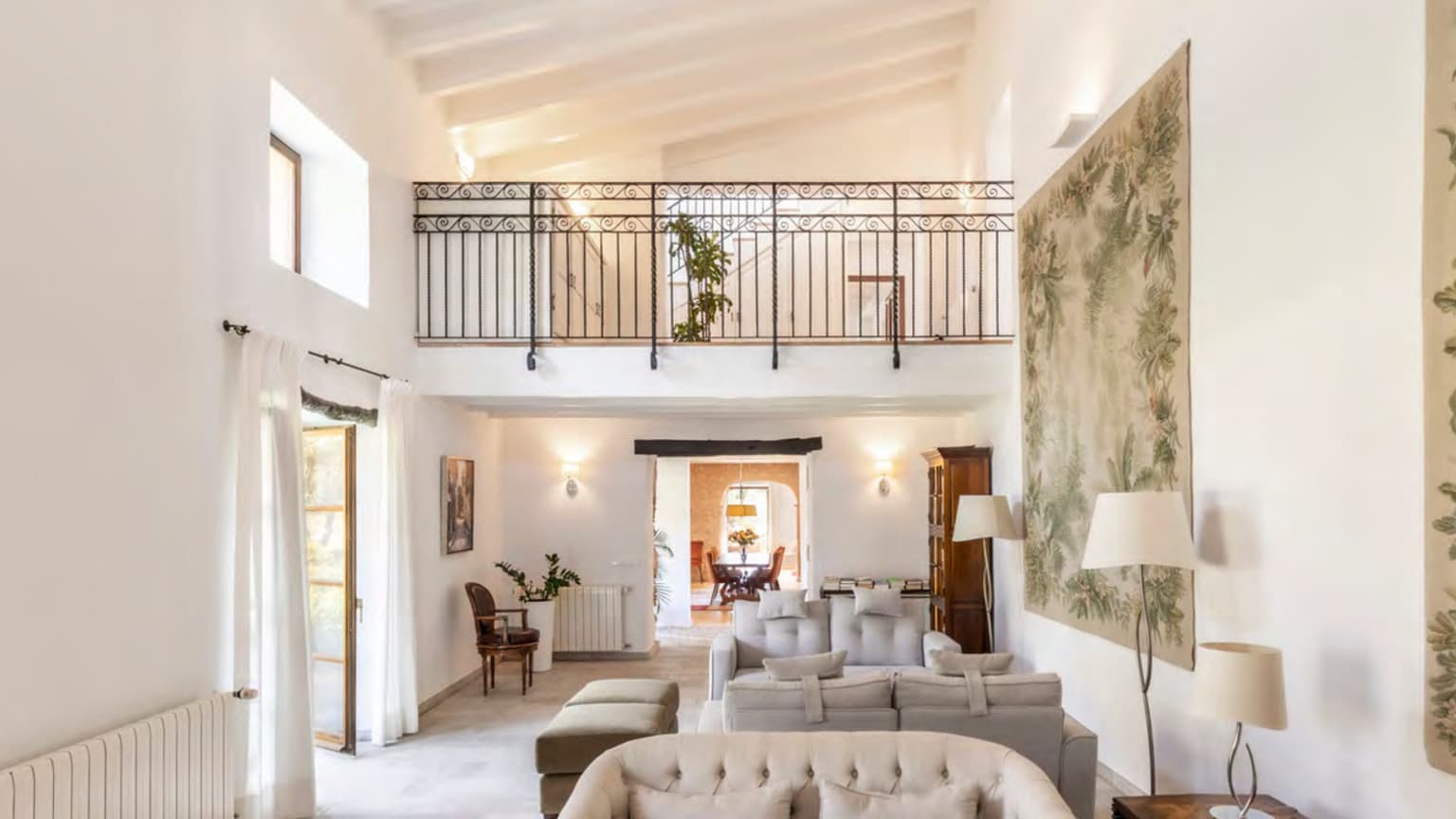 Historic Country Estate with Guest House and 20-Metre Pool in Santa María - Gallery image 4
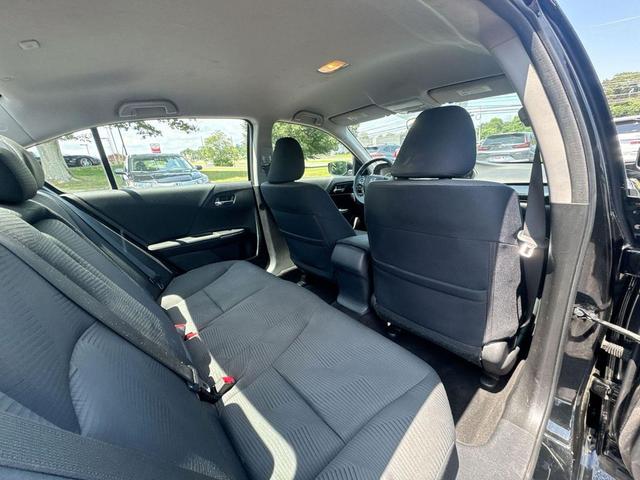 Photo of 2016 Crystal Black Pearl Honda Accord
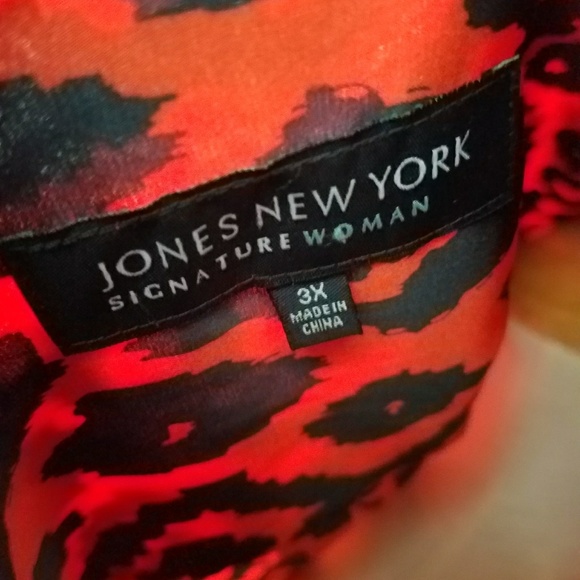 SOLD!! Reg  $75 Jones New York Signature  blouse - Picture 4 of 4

> _TRY IT_
Restate the listing word for word, pictures excluded.

> _SOLVED EXERCISE_
 Historic Country Estate with Guest House and 20-Metre Pool in Santa María - Gallery image 4
 Photo of 2016 Crystal Black Pearl Honda Accord
 SOLD!! Reg  $75 Jones New York Signature  blouse - Picture 4 of 4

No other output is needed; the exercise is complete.